• _INSTRUCTIONS TO FOLLOW_: Pictures are not part of the copy. Reproduce all the records exactly.
━━━━━━━━━━
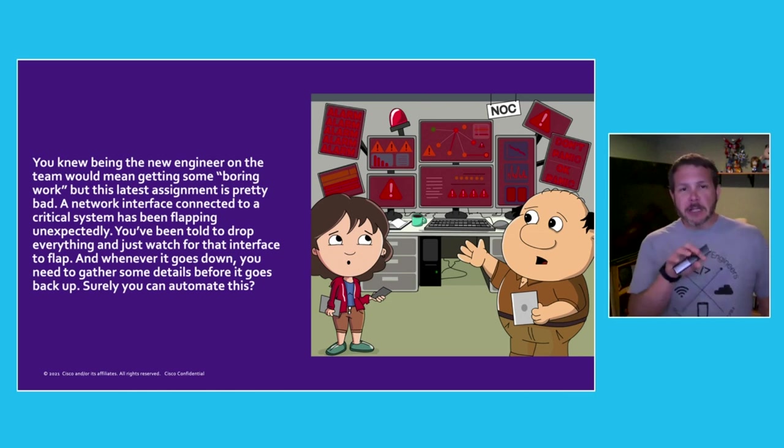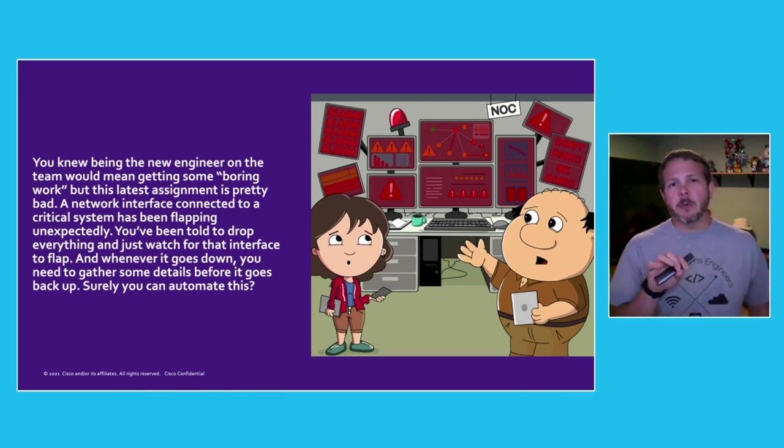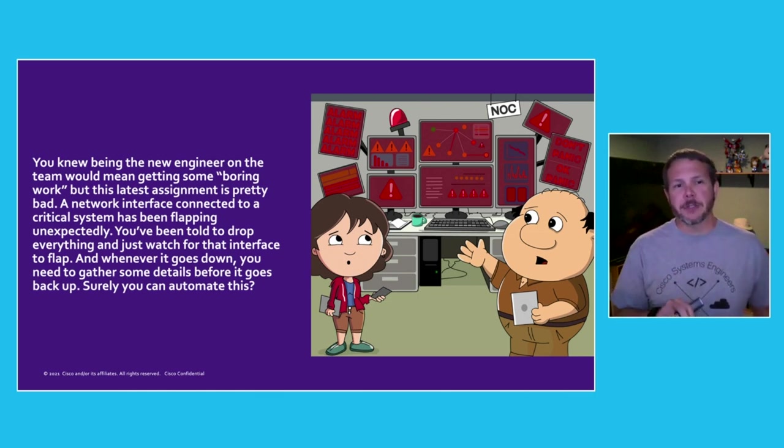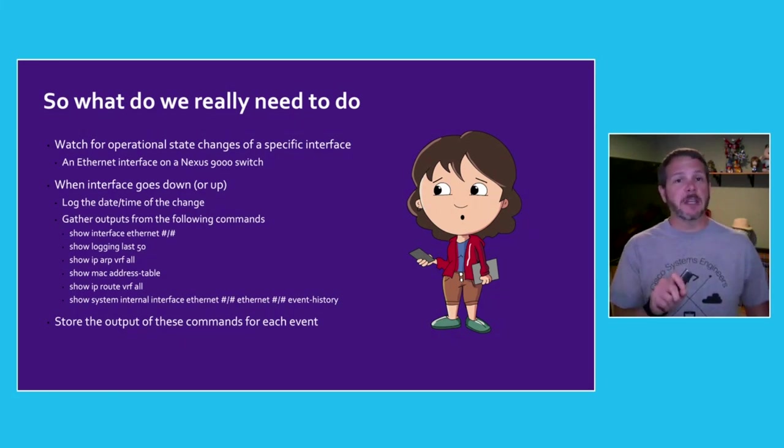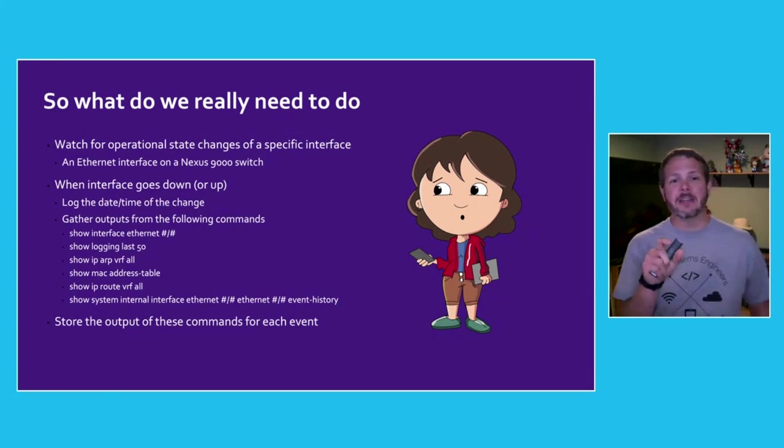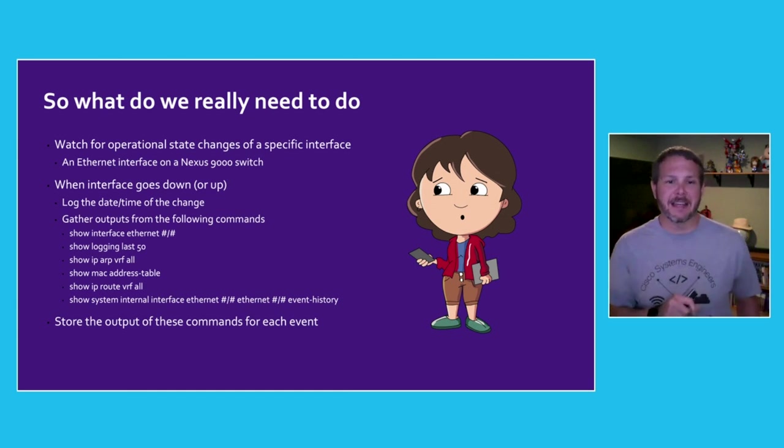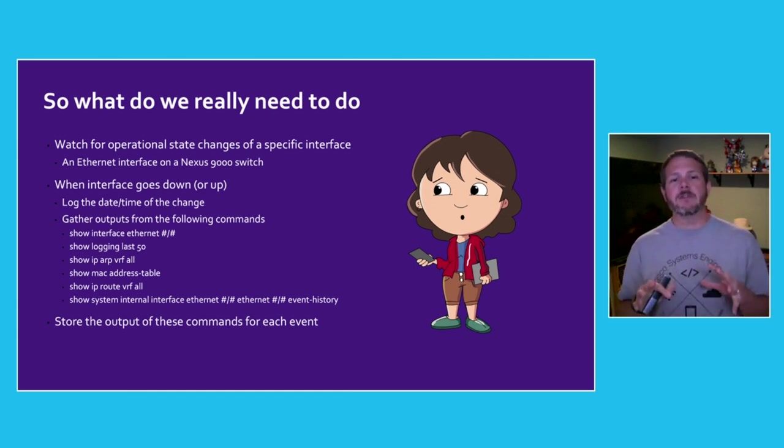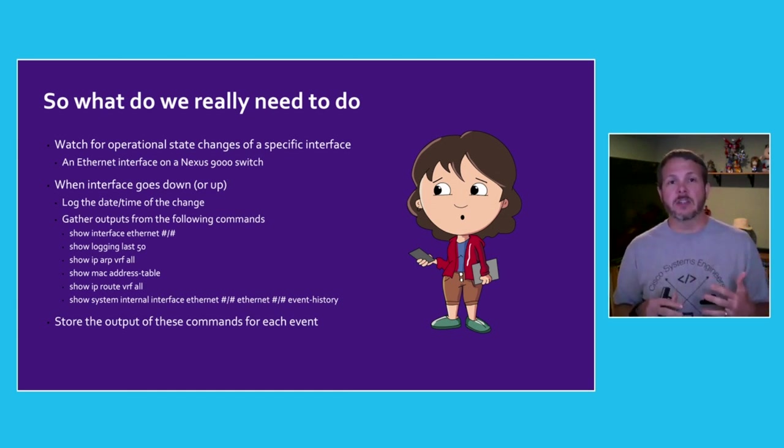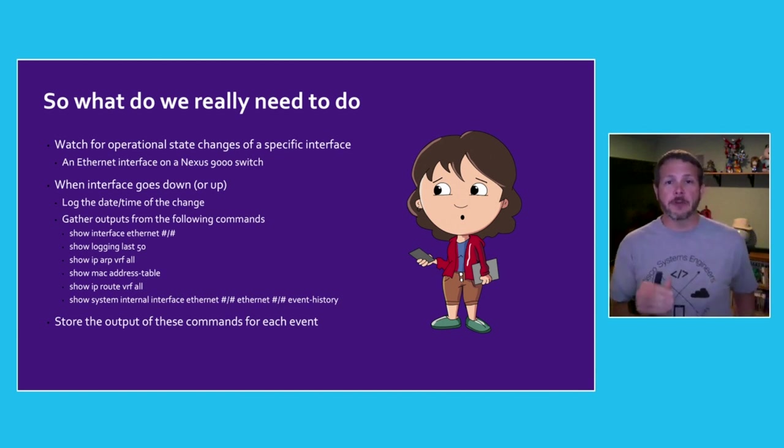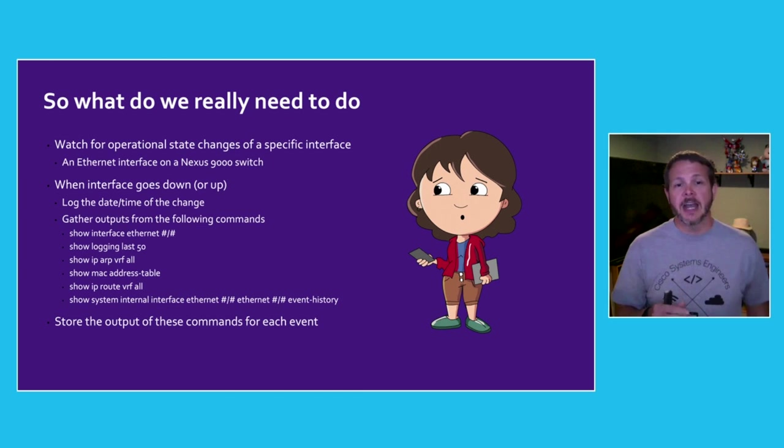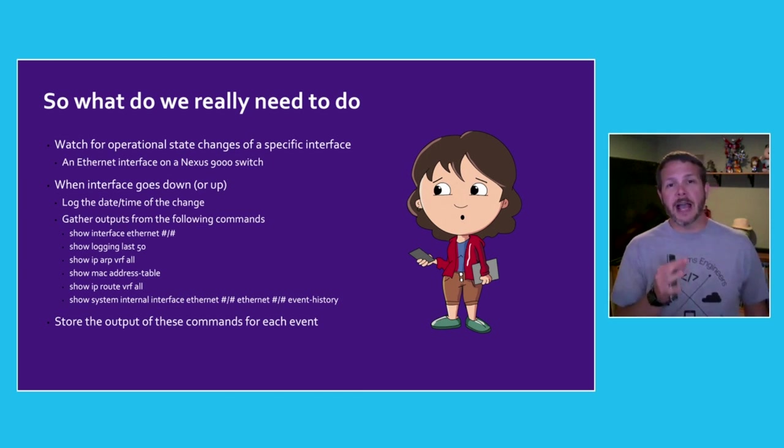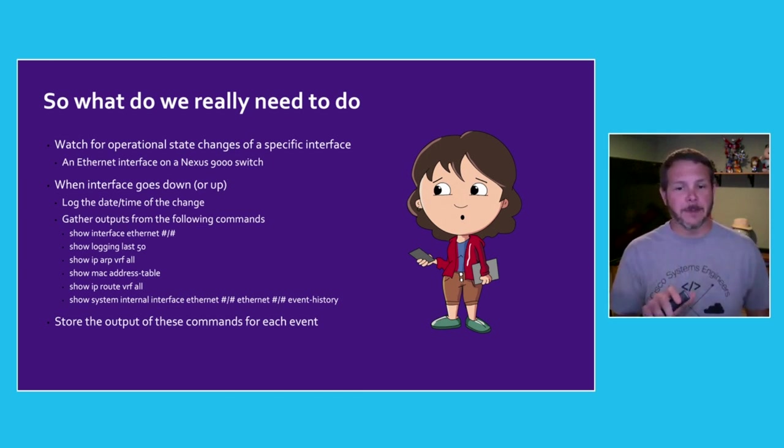If we look at the problem specifically, what is it that we're being asked to do? We're asked to watch the operational state changes for a specific interface, an ethernet interface on a Nexus 9000 switch. Whenever the interface goes up or down, she needs to log the date and time of the change, gather outputs from a series of commands that she's been given, and then store the output from each of those commands for every event that happens.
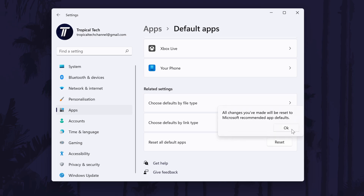And so that is how to reset default app settings on a Windows 11 PC or laptop. Click the card on screen now to watch a video showing you 10 easy ways you can speed up your Windows PC.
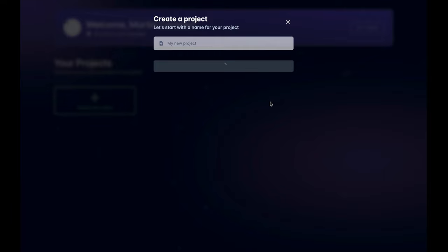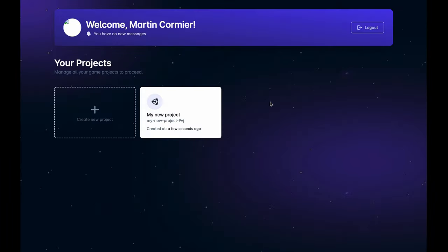On the Ready side, we're instantiating all of the records necessary for this project to exist in the cloud and on-chain, with the ability to synchronize and manifest all the game data on the blockchain. Your project is now ready to go.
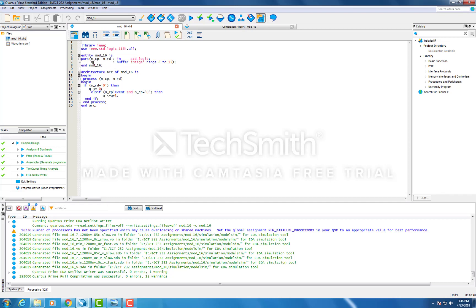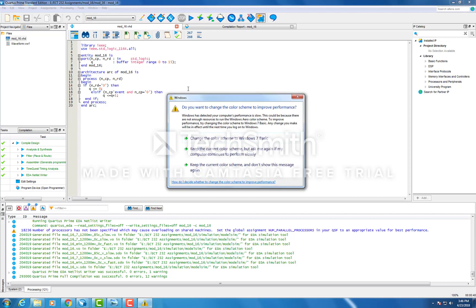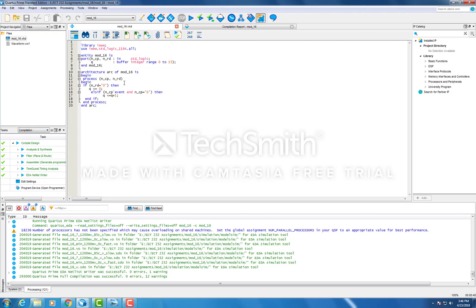Instead of Q being an ordinary output, it is being declared as a buffer here. This is because Q is an assignment statement here where it is being treated as an input on the right side and an output on the left side.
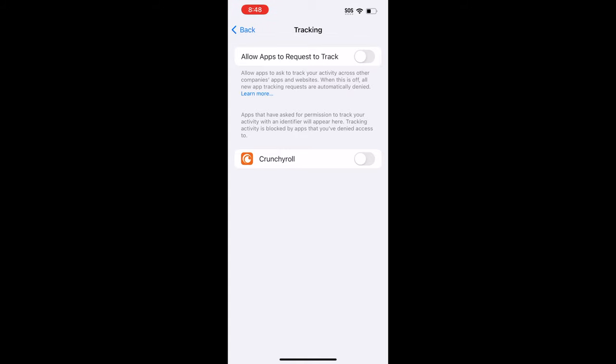If you turn that off, then any app that would allow users to give them permission to track them from website to website or app to website, turning this toggle off will give all of those apps a default no.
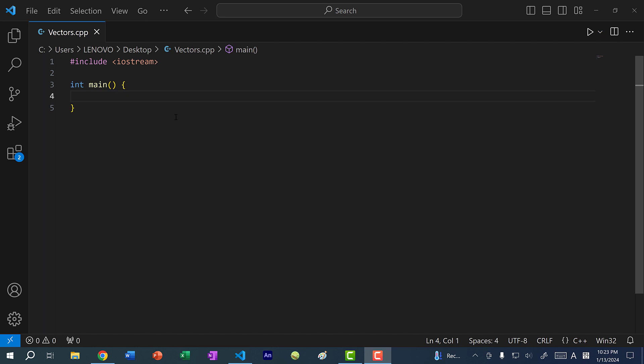Hey there, hope you're having a wonderful day. In this video, we're going to go over vectors in C++.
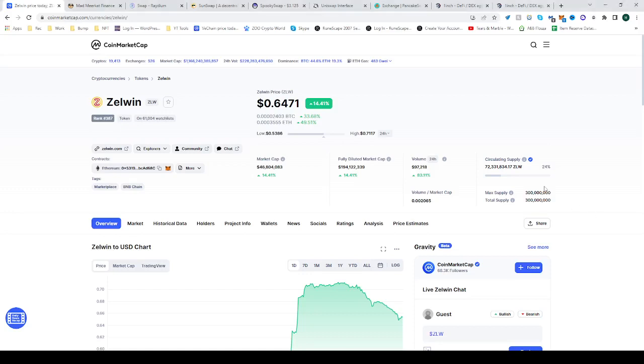In today's video I'll be showing you how to buy the ZLWIN token, ZLW. Go to CoinMarketCap and find the ZLW token.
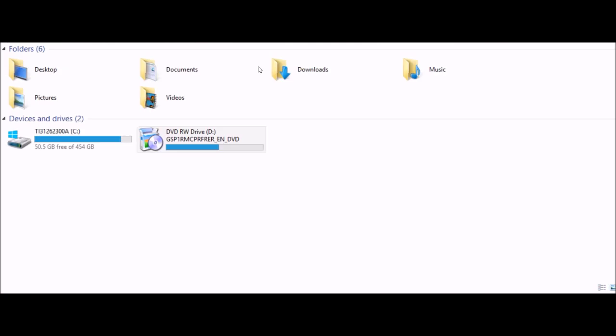Now let's test the disc. As you can see the disc works. Thank you for watching this video.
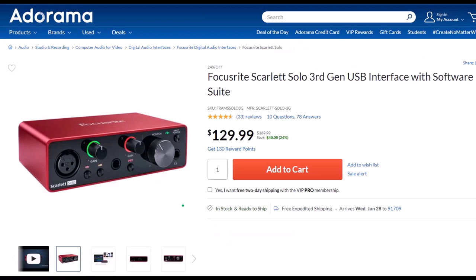Focusrite Scarlett Solo 3rd Gen USB Interface with Software Suite. I've been using a Focusrite for years for my audio needs, before which time I had a USB microphone which plugged directly into the computer. But I think you'll find, as I have found, if you want to increase the quality of your microphone, you will need an interface, and the Focusrite is the go-to interface as far as I'm concerned. I've been using this for years now and it works well.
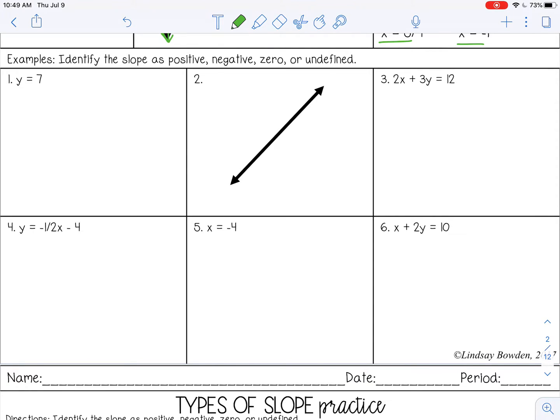Okay, so number one — because it's y equals seven, that's going to be a zero slope.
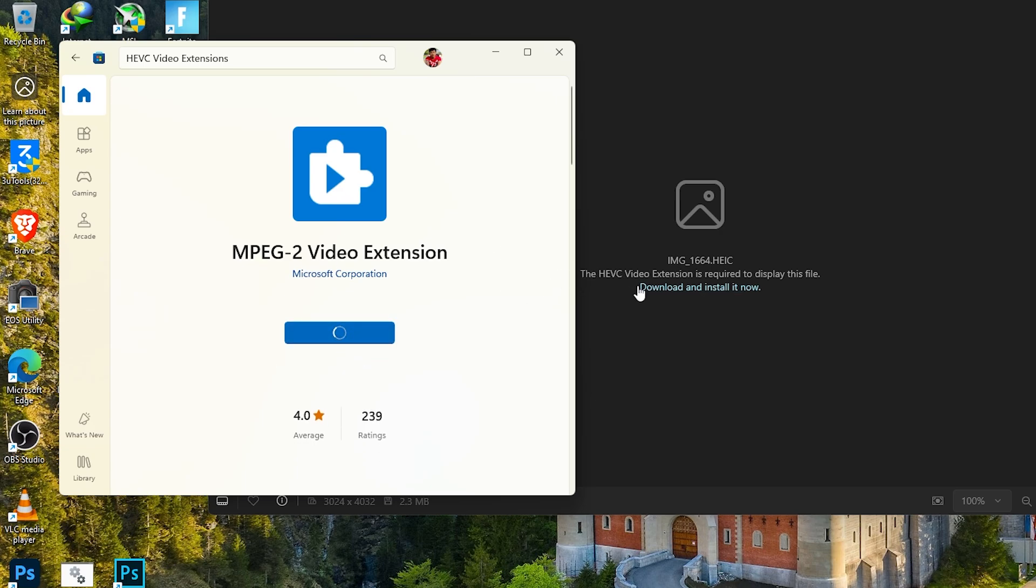After that, scroll down a bit and look for MPEG video extension. This one is free, so go ahead and install it as well.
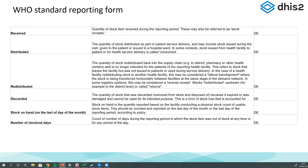These are the only six data elements we recommend capturing per commodity. We appreciate many countries capture more, but these six give us all the data needed to calculate all the key indicators defined by WHO and requested by multilaterals and donors. The cardinal rule for any information system is: do not capture more than what you actually use. It's very easy to add data elements to systems — it becomes very difficult to take them away. Keep it as simple and minimal as possible.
━━━━━━━━━━
• _REPLY TO THE TASK_:
If we look at the problem specifically, what is it that we're being asked to do? We're asked to watch the operational state changes for a specific interface, an ethernet interface on a Nexus 9000 switch. Whenever the interface goes up or down, she needs to log the date and time of the change, gather outputs from a series of commands that she's been given, and then store the output from each of those commands for every event that happens.
And so that is how to reset default app settings on a Windows 11 PC or laptop. Click the card on screen now to watch a video showing you 10 easy ways you can speed up your Windows PC.
On the Ready side, we're instantiating all of the records necessary for this project to exist in the cloud and on-chain, with the ability to synchronize and manifest all the game data on the blockchain. Your project is now ready to go.
Instead of Q being an ordinary output, it is being declared as a buffer here. This is because Q is an assignment statement here where it is being treated as an input on the right side and an output on the left side.
If you turn that off, then any app that would allow users to give them permission to track them from website to website or app to website, turning this toggle off will give all of those apps a default no.
Hey there, hope you're having a wonderful day. In this video, we're going to go over vectors in C++.
In today's video I'll be showing you how to buy the ZLWIN token, ZLW. Go to CoinMarketCap and find the ZLW token.
Now let's test the disc. As you can see the disc works. Thank you for watching this video.
Focusrite Scarlett Solo 3rd Gen USB Interface with Software Suite. I've been using a Focusrite for years for my audio needs, before which time I had a USB microphone which plugged directly into the computer. But I think you'll find, as I have found, if you want to increase the quality of your microphone, you will need an interface, and the Focusrite is the go-to interface as far as I'm concerned. I've been using this for years now and it works well.
Okay, so number one — because it's y equals seven, that's going to be a zero slope.
After that, scroll down a bit and look for MPEG video extension. This one is free, so go ahead and install it as well.
These are the only six data elements we recommend capturing per commodity. We appreciate many countries capture more, but these six give us all the data needed to calculate all the key indicators defined by WHO and requested by multilaterals and donors. The cardinal rule for any information system is: do not capture more than what you actually use. It's very easy to add data elements to systems — it becomes very difficult to take them away. Keep it as simple and minimal as possible.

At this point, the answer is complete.